## DATA EXTRACT

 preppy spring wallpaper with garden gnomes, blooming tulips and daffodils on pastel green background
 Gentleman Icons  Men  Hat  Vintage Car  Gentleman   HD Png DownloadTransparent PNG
==
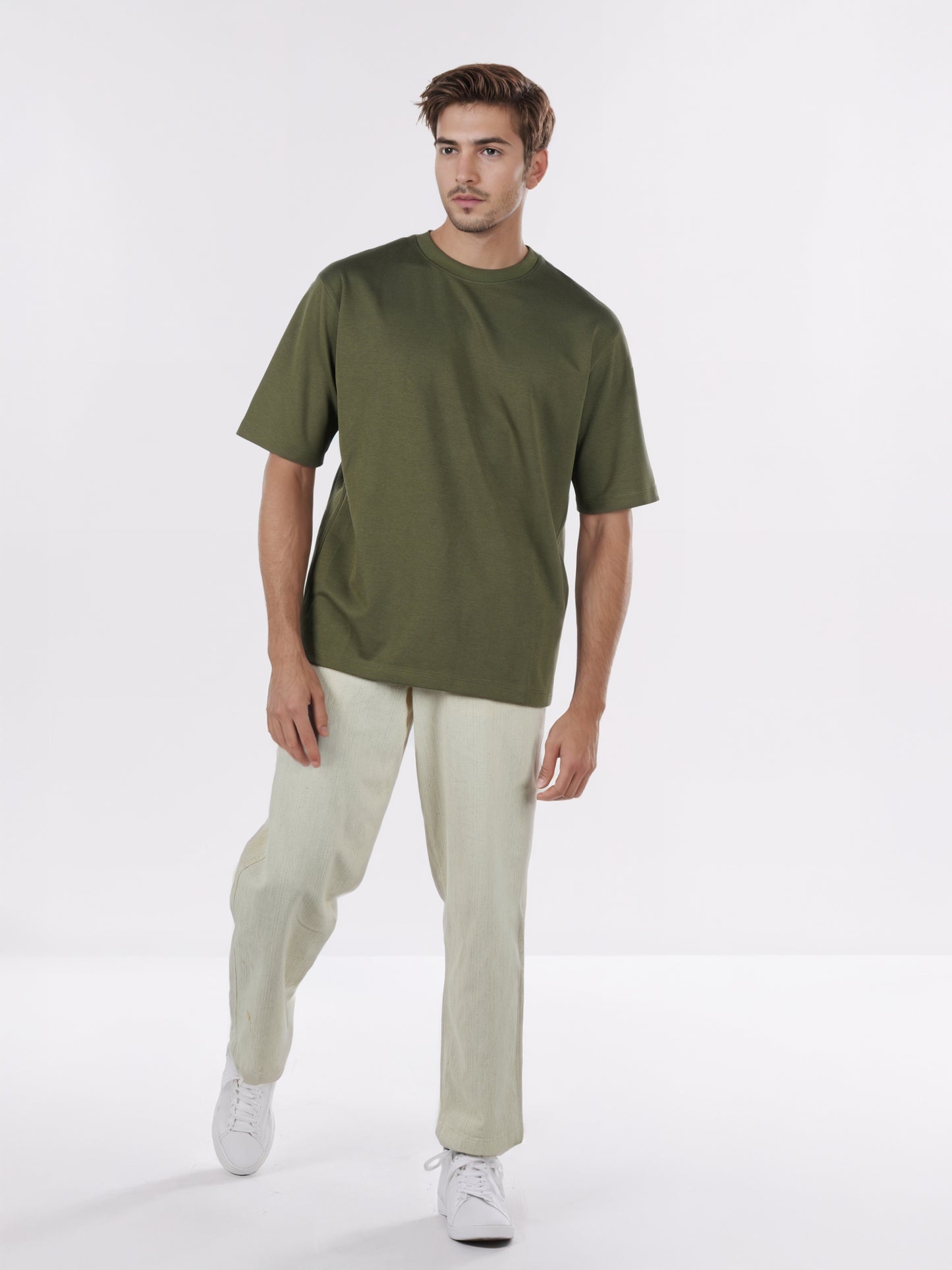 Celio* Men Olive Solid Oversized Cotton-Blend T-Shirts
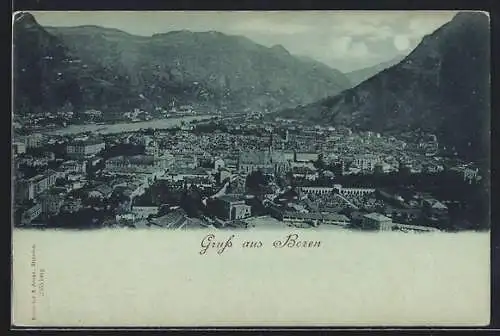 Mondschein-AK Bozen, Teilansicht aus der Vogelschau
==
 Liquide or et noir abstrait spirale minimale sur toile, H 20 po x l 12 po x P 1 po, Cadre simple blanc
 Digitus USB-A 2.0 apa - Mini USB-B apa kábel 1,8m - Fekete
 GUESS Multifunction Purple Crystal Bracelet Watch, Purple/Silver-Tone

## REQUIRED WORK
Look back over the records above. Reproduce exactly everything from the line with "Celio* Men Olive" down to the line with "Mondschein-AK Bozen, Teilansicht", inclusive, and leave the pictures out.

## WRITTEN RESPONSE
 Celio* Men Olive Solid Oversized Cotton-Blend T-Shirts
 Mondschein-AK Bozen, Teilansicht aus der Vogelschau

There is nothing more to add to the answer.